Morocco // The southern oases routes //

The battle for Bou Gafer

For three centuries or more, the Aït Atta tribe were the great warriors of the south, dominating the Jebel Saghro and its eastern extension, the Jebel Ougnat. As guerrilla fighters, they resisted the French occupation from the outset, finally retreating in early 1933 to the rocky stronghold of the Jebel Bou Gafer, a chaos of gorges and pinnacles. Despite the Aït Atta being vastly outnumbered by superior French forces, what followed was, according to David Hart in The Aït ‘Atta of Southern Morocco, “the hardest single battle which the French had ever had to fight in the course of their ‘pacification’ of Morocco”.

The French first attacked the stronghold on February 21, after which they launched almost daily attacks on the ground and from the air – the French are believed to have used four air squadrons at the battle, in addition to some 83,000 troops (the Aït Atta, in comparison, numbered around a thousand fighting men).
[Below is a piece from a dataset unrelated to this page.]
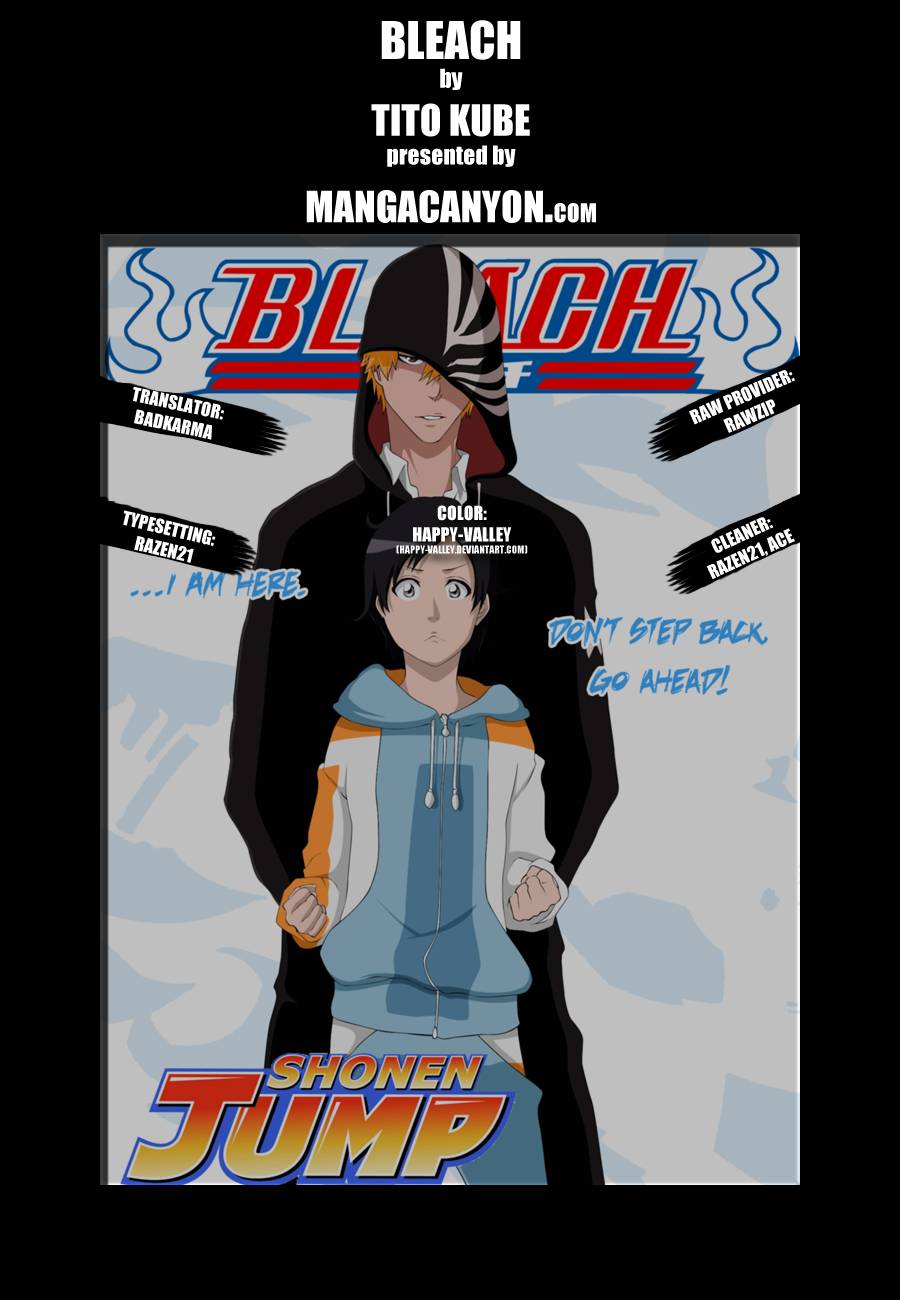 Bleach chapter 488 page 1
Many died on both sides, but the Aït Atta, under the command of Hassou Ba Salem, did not surrender for over a month, by which time they were reduced to half their strength and had run short of ammunition.

Ba Salem’s conditions on surrender included a promise that the Aït Atta could maintain their tribal structures and customs, and that they would not be “ruled” by the infamous T’hami el Glaoui, the pasha of Marrakesh, whom they regarded as a traitor to their homeland (see El Glaoui: the Pasha of Marrakesh). The French were content to accept, the battle meaning that their “pacification” was virtually complete, and giving them access to the valuable silver and copper mines at Moudou.
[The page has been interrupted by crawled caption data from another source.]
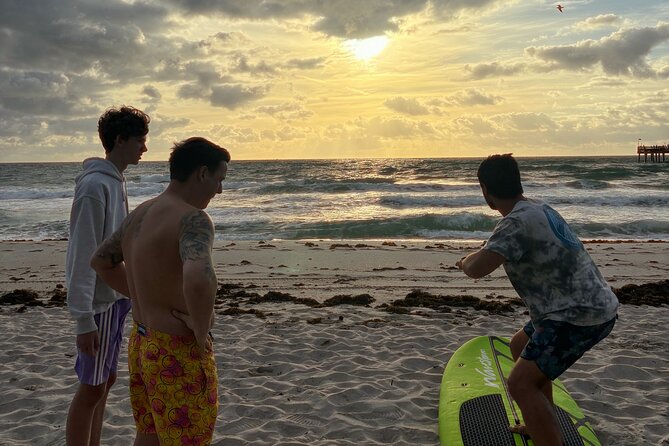 Epic Surf Lessons Dania Beach - What private coaching adds at $120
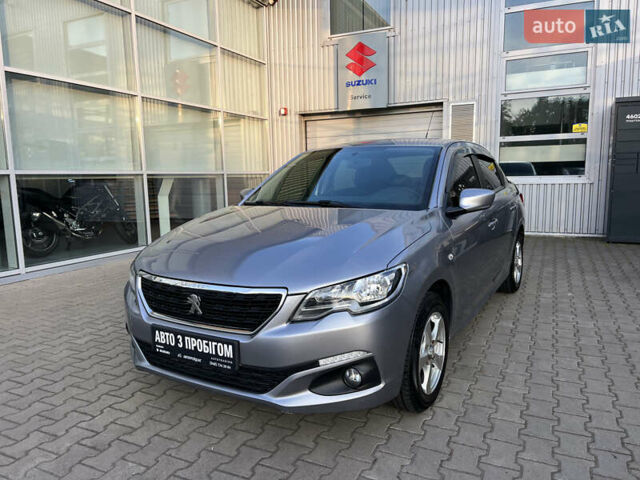 Сірий Пежо 301, об'ємом двигуна 1.2 л та пробігом 169 тис. км за 5799 $, фото 32 на Automoto.ua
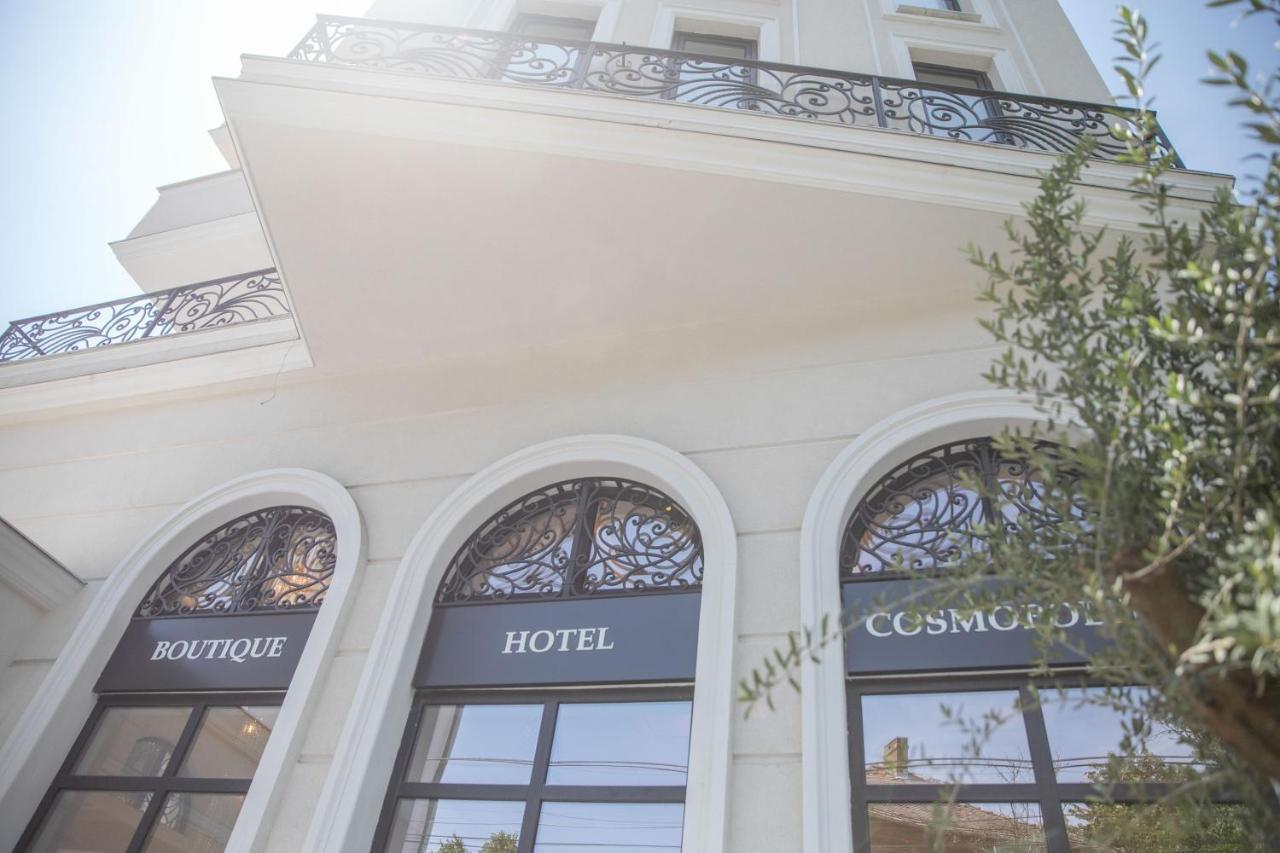 Cosmopolita Boutique Hotel Timişoara Exterior foto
Ba Salem died in 1960 and was buried at Taghia, his birthplace, 5km from Tinghir. Ali, his son, succeeded him as leader of the tribe, and took part in the 1975 Green March into the Western Sahara; he died in 1992 and is also buried at Taghia. As for the battlefield itself, local guides will show you the sites, including ruins of the stronghold. It is still littered with spent bullets, which are covered in spring by colourful clumps of thyme, rockroses and broom.